Macey was the same way! Spiked out ball of death and terror when I first got her. Would not uncurl from a tight ball for at least 20 minutes. Now she never curls up but she still huffs and puffs and jumps when I first pick her up. Then she's all like "oh hay.. its just u my humon.. feed me treats!"

She still hisses and will pop on occasion if I pet her but she keeps her quills down so I think its more I'm just annoying her haha.


----------



## Chihirolee3 (Nov 27, 2012)

I guess Pindsvin was just handled so much as a baby, it didn't take long for him to warm up to me. The breeders have a lot to do with how a hedgie responds. 

Now, Pindsvin just becomes a prickle huffy terror when I get him up to clean his cage. Of course, if you put yourself in a hedgie's shoes, you'd be grumpy too if something out of the blue not only woke you up, but you were lifted out of your bed without your approval. After he realises what's going on, he calms down, but man, that's got to be startling.

Now Rhododendron is just a grump butt through and through. Of course, I got her as an adult who wasn't payed much attention to, so it takes forever to calm her down. She's so much better now than when I first got her, but patience is a virtue...


----------



## sonichedghehogbreyer (Jul 23, 2013)

With my hedgehog, Sonic, I just handled him a lot. My fingers got used to it and Sonic got used to me.


----------



## grins&needles (Sep 10, 2013)

I like the comparison pictures


----------



## Mel_W (Apr 26, 2013)

sonichedghehogbreyer said:


> With my hedgehog, Sonic, I just handled him a lot. My fingers got used to it and Sonic got used to me.


Same for me! It doesn't hurt much holding my hedgie bare hands anymore. Rosalie now knows that I am not scared of her and that i am not going to eat her (lol ) so then there is no reason for her to puff and ball up, but of course, she starts all huffy&puffy when I wake her up.

The more time you spend with your hedgie the more your hedgie will get use to you!

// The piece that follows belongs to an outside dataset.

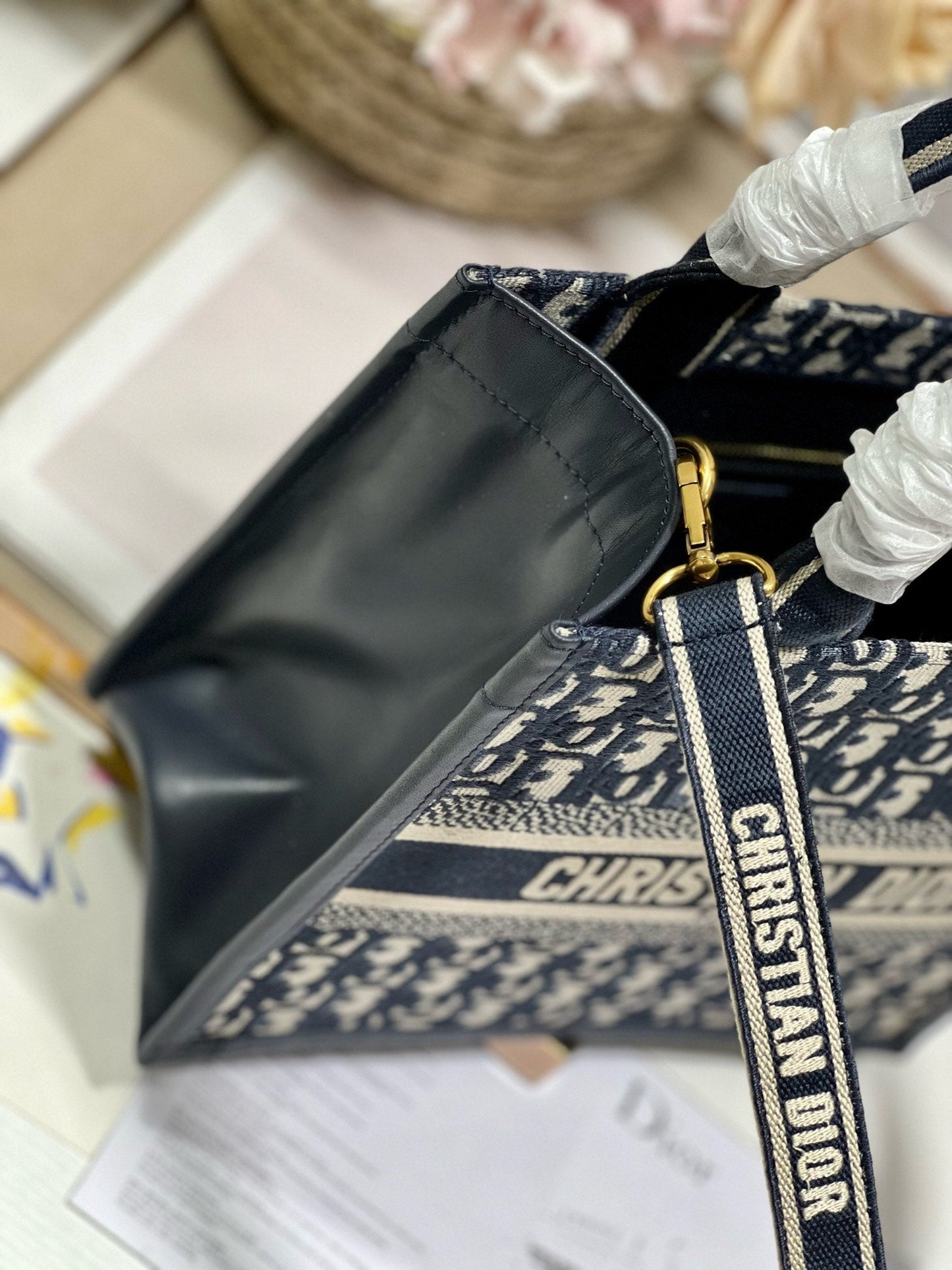 CD SMALL BOOK TOTE 26 BLUE OBLIQUE EMBROIDERY mysite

There is a 50/50 chance that you will also end up with a super friendly hedgie!​


----------



## Chloethehedgie7 (Jul 24, 2013)

That's right! Don't give up on any little hoggy!!


----------



## KalikaRose (Sep 7, 2013)

This made me really happy! I just got my hedgie about four days ago and he's a regular hissy ball of spikes. I know four days isn't very long for him to get used to me, but it's nice to see that with a little time and patience, he will get used to me


----------